Data excerpts
● ● ●

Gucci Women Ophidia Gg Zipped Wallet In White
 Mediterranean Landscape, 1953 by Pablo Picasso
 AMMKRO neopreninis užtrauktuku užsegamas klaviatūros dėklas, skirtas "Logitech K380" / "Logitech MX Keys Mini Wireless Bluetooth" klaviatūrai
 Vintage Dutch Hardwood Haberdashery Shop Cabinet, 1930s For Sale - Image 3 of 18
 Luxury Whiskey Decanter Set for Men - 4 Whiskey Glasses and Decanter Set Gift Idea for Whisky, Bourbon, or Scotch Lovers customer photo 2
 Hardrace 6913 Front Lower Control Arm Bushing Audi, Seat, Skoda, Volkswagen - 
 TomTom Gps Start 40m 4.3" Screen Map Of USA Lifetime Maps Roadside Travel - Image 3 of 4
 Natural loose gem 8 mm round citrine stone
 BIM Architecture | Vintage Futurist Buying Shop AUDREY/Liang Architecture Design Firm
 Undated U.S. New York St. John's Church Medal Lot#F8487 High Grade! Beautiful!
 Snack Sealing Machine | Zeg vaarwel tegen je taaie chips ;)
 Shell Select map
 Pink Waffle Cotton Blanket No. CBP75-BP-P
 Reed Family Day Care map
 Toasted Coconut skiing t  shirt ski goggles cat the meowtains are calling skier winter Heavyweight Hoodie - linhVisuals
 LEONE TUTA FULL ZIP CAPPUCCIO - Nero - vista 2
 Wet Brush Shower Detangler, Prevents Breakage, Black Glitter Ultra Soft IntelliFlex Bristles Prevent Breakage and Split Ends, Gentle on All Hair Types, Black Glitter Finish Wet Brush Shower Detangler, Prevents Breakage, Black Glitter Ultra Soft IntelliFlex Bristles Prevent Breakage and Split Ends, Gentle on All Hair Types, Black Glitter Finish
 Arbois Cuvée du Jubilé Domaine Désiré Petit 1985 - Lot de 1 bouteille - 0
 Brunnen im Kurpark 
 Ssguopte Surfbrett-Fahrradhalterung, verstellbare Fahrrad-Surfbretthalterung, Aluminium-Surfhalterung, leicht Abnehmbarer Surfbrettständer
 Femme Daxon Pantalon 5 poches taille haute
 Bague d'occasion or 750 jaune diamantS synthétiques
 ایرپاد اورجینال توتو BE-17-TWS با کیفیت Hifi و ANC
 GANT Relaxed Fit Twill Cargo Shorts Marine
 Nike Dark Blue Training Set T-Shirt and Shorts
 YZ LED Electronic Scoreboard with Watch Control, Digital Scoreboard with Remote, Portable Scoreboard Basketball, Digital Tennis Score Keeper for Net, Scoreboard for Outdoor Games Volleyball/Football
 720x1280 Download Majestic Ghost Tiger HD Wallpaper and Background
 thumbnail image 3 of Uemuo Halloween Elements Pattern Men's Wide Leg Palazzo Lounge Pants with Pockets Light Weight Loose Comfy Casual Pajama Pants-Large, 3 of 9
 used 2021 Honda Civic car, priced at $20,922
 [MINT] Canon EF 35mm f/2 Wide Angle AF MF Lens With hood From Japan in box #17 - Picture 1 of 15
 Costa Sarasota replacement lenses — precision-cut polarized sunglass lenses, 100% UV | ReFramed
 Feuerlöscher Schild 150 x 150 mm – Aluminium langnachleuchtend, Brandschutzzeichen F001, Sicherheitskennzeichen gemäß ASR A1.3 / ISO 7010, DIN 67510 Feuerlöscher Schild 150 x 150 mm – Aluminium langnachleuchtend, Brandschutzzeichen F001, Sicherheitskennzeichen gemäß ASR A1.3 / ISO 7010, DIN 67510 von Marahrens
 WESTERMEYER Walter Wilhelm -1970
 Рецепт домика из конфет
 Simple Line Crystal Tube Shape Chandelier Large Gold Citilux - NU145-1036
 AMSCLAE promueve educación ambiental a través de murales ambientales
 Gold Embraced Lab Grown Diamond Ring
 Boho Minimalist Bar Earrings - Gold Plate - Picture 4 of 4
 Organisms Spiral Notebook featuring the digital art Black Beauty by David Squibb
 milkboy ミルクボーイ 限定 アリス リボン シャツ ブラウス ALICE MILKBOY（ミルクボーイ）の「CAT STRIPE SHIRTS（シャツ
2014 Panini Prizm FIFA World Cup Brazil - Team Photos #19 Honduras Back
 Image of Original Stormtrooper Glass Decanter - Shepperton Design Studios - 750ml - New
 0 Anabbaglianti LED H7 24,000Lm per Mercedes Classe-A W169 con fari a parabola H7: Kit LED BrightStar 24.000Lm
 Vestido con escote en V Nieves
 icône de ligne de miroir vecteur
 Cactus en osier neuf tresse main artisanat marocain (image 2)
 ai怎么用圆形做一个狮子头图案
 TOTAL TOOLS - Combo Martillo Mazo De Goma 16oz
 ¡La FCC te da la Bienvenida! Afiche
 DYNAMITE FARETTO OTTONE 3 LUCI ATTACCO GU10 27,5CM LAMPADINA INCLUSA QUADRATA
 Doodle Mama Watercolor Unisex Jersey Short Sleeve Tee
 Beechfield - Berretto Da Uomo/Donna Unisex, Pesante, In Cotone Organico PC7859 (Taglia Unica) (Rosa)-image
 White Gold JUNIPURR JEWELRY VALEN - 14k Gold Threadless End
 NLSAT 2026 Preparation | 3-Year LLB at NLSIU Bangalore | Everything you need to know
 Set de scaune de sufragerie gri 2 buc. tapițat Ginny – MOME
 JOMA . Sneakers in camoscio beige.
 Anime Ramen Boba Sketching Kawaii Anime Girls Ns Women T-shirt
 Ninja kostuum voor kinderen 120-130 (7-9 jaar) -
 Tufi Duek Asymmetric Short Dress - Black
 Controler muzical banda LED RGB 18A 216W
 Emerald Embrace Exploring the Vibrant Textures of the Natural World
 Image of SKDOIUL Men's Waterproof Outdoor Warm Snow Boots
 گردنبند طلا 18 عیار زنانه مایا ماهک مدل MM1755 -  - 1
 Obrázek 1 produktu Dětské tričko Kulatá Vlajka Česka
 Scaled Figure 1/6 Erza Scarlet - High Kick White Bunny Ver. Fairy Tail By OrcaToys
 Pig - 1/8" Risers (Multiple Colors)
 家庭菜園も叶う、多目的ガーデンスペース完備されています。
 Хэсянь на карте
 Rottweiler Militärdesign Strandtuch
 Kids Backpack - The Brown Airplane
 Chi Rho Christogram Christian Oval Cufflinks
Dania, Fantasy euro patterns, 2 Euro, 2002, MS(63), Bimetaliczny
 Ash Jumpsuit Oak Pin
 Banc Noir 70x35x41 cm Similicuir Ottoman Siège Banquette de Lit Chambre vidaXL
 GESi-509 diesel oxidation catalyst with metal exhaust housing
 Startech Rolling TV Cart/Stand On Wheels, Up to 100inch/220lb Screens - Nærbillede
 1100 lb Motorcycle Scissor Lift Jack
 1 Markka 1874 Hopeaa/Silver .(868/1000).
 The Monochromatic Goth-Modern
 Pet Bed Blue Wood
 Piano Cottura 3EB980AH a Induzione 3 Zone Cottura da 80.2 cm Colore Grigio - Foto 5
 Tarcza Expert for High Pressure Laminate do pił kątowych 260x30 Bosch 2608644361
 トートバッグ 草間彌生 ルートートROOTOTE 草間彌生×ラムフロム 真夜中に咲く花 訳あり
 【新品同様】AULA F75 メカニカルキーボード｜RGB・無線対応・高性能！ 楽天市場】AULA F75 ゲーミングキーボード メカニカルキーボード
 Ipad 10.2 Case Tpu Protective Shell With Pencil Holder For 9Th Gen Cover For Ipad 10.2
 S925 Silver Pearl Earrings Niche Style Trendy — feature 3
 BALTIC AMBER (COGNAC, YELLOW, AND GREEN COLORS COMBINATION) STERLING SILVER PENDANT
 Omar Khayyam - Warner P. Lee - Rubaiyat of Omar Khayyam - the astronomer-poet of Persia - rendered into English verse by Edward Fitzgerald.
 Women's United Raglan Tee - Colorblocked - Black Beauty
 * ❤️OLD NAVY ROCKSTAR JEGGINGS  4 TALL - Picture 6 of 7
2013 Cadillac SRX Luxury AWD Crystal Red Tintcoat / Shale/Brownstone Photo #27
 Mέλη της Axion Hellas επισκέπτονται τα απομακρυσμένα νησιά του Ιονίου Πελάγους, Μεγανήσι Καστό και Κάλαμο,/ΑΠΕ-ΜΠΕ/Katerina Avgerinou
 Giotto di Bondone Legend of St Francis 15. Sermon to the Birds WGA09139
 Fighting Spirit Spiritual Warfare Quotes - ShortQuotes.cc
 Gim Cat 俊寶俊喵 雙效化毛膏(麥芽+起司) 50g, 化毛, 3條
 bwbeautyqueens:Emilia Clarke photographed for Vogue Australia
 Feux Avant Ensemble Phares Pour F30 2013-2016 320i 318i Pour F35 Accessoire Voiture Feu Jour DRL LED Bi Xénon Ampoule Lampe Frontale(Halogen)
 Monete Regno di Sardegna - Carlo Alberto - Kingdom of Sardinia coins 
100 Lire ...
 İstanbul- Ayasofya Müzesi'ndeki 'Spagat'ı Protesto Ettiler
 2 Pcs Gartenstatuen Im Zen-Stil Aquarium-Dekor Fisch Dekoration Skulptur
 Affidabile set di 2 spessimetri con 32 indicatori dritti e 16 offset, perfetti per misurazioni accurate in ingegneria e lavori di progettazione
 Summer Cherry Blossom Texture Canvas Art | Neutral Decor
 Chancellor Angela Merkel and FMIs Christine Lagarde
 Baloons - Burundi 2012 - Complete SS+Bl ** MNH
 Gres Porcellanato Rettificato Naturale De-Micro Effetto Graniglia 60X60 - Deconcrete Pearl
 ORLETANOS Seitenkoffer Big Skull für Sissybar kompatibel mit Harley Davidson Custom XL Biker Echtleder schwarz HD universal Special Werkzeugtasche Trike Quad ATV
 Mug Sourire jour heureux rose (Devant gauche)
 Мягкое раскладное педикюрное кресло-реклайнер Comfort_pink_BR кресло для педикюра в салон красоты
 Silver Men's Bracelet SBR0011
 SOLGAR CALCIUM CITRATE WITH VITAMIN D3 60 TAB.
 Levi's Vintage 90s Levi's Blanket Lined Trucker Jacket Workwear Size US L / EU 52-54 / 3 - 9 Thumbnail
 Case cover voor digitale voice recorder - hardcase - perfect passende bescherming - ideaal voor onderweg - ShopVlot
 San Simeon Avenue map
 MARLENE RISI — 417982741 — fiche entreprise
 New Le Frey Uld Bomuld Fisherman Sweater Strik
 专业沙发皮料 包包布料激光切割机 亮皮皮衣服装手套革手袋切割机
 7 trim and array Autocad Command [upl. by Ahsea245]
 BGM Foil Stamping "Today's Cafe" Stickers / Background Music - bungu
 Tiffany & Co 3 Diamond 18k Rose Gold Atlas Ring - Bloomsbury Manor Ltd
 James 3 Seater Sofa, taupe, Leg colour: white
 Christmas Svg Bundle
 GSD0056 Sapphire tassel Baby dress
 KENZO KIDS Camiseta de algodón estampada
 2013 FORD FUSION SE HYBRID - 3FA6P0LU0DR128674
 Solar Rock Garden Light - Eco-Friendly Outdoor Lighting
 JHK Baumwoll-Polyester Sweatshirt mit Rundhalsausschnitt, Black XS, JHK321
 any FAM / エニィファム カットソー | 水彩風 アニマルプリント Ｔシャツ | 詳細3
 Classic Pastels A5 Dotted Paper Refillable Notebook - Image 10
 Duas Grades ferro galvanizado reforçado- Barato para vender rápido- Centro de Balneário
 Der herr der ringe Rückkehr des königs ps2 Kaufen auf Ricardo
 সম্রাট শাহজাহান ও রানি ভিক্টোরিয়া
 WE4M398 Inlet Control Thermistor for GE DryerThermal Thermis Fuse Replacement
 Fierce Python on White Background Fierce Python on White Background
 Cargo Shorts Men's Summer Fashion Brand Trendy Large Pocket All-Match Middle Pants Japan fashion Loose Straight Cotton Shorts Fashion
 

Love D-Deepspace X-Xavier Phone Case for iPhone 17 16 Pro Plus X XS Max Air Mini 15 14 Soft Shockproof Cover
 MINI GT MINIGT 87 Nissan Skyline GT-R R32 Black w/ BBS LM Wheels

● ● ●

■ GOAL OF THE EXERCISE ■
Copy out each line of the records where the word "Earrings" appears.

■ ANSWER SECTION ■
 Boho Minimalist Bar Earrings - Gold Plate - Picture 4 of 4
 S925 Silver Pearl Earrings Niche Style Trendy — feature 3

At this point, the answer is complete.